[TASK GOAL]: In the entries below, the lines from the one with "Turkey's President Tayyip" through the one with "Fahrradfahrerin mit Helm" are to be copied exactly; both ends count.
──────── DATA FOR REVIEW ────────
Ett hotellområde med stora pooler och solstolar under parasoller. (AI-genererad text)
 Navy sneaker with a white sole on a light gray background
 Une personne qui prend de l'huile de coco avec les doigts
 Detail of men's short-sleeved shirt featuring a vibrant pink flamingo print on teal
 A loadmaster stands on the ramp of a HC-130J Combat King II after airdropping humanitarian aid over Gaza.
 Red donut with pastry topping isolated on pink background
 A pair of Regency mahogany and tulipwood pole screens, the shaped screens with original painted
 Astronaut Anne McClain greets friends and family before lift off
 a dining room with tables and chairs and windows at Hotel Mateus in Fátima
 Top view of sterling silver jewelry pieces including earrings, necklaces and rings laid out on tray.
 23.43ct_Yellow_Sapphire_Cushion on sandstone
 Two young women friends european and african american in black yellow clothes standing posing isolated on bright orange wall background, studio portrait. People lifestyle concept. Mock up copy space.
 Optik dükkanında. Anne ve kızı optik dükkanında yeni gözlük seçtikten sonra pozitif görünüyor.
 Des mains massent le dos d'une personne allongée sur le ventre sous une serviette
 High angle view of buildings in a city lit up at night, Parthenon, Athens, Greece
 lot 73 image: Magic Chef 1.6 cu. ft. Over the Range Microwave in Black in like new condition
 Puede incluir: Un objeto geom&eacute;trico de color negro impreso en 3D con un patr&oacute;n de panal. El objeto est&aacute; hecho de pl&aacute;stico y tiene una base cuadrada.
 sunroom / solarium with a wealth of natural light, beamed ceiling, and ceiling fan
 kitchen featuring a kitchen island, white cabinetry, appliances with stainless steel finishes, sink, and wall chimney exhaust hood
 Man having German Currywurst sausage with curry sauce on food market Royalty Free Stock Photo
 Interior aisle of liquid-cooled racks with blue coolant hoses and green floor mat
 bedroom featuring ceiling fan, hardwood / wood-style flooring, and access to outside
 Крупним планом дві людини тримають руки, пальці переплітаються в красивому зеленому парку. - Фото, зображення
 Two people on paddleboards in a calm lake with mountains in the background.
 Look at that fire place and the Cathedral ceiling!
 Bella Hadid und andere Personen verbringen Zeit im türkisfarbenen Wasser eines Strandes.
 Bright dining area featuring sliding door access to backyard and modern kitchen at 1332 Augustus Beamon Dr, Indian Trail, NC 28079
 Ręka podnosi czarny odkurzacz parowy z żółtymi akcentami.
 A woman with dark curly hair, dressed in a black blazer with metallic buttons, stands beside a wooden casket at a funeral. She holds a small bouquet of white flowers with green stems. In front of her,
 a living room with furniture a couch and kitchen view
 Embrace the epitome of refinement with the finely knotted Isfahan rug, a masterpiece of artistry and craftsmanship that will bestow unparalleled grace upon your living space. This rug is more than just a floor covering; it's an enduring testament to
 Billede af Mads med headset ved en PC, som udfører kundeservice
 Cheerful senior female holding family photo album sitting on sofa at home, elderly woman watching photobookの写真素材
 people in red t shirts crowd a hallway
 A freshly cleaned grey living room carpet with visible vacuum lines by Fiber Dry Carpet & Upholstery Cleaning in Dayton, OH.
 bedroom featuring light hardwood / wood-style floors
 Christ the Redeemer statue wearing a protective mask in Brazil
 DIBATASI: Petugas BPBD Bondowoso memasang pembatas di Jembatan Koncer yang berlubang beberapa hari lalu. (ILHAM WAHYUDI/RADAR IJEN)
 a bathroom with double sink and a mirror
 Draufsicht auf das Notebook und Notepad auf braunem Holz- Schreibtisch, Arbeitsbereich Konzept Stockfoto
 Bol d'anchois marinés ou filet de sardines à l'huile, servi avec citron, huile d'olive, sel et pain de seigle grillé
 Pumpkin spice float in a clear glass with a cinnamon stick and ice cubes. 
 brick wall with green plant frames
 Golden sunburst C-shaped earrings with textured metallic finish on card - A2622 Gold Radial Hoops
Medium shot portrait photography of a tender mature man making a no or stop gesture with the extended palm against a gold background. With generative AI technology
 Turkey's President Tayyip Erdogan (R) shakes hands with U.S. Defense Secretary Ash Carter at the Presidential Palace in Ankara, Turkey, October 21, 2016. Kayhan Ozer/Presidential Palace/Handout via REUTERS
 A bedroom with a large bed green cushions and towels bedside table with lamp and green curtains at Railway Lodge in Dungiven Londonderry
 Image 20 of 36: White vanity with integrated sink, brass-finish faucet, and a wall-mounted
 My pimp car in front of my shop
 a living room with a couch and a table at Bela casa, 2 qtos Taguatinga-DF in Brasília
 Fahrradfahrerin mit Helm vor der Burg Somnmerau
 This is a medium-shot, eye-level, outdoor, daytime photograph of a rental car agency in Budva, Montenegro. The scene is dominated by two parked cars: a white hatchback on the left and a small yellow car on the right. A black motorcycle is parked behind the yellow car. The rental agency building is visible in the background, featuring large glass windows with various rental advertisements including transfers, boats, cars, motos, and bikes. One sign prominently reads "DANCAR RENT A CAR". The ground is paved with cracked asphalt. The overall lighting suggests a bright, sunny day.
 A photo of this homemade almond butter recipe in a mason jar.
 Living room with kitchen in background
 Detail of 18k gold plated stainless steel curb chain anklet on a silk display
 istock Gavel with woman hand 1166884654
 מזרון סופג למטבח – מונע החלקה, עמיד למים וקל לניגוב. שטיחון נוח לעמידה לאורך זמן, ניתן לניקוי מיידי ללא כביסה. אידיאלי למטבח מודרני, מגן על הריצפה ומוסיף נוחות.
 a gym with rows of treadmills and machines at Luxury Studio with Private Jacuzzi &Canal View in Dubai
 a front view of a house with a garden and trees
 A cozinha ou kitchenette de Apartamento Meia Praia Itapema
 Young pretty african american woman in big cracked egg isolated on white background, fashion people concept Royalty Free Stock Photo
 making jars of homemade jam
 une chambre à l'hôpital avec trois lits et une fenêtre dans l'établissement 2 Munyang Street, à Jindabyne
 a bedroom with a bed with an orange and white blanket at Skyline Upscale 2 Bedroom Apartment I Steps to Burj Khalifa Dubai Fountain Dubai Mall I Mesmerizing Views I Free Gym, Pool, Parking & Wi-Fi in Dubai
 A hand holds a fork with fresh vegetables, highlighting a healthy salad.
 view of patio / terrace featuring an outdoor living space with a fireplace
────────
[REPLY TO THE TASK]:
 Turkey's President Tayyip Erdogan (R) shakes hands with U.S. Defense Secretary Ash Carter at the Presidential Palace in Ankara, Turkey, October 21, 2016. Kayhan Ozer/Presidential Palace/Handout via REUTERS
 A bedroom with a large bed green cushions and towels bedside table with lamp and green curtains at Railway Lodge in Dungiven Londonderry
 Image 20 of 36: White vanity with integrated sink, brass-finish faucet, and a wall-mounted
 My pimp car in front of my shop
 a living room with a couch and a table at Bela casa, 2 qtos Taguatinga-DF in Brasília
 Fahrradfahrerin mit Helm vor der Burg Somnmerau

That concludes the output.